I particularly liked the chapter on elementary schooling. This is my daily battleground so I was keen to see how they presented this and both historically and currently the authors are accurate. The authors choose several countries and explain how these approach elementary schooling. Surprisingly they are more alike than they are different. I found the authors are up to date and prescient.
The authors next examine the middle and secondary schooling or the “it’s too late by now to have a real influence” approach. And largely the authors are correct in that middle and secondary content teachers are far more worried about their content than their poorer students comprehending the content. Test scores dive when kids get to middle school and although there are many speculated reasons for this, no one seems able to overcome this phenomena.

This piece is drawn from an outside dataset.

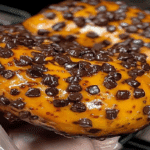 Gogoși la airfryer fără dospire cu chipsuri de ciocolată, fotografiate de aproape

The authors next go back to their narrative and this narrative is about how literate cultures are supported by libraries, newspapers, and bookstores. It’s an interesting chapter to read about what libraries, newspapers and bookstores were like in the past and what they are like now. The authors primarily stay within the context of the United States or United Kingdom. I would like to have seen some other cultures included. Still, they speculate on what all these will be like in the future. I immediately thought of seeing the card catalog of our university library wheeled out some twenty years ago to be discarded on a trash heap. I also speculated on how I obtain my news and books now. My subscriptions are a blend of print and online and I seem not to notice.
Next the authors look at indexes that tell us how much people read for work and pleasure and how these numbers are declining or are unchanged. Then it’s on to economic status and the world order and the future of the knowledge based economy. I’ve always found it interesting that the leading countries in term of PISA results and so on don’t seem to have much change in their GDP, stock exchanges and development. Then, there is the US who outpaces everyone when it comes to yearly patents applied for. You could put most countries applications together (exception China) and still not come close to the number applied for by the US. In spite of rigid schooling, common standards, inflexible testing and so forth, somewhere along the line kids still learn to think outside the box.

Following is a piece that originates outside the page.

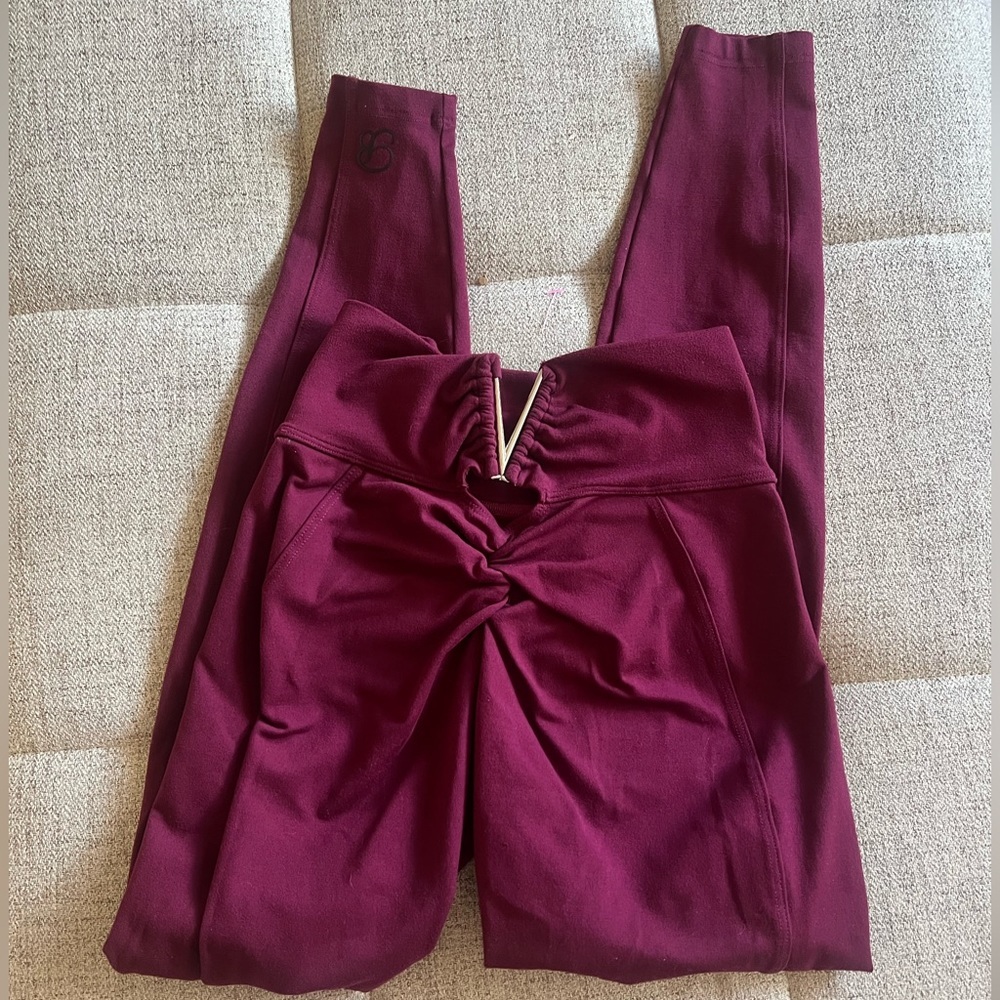 Bombshell sportswear VICTORY SCRUNCH LEGGINGs in size S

It is also clear that the largest companies today are very much technology oriented. I am reminded of Pittsburgh where massive closings of steel mills necessitated a need to reinvent itself as a city and did so by becoming technology driven. Pittsburgh invested in technology (of course, they had a leg up with Carnegie Mellon in town).
I found the book interesting throughout and commend the authors for telling world literacy as a story as opposed to overwhelming us with statistics and scores. Of course, the scores and statistics are in there and many people will want the book for these, but the strength of the book is in its discussion of these.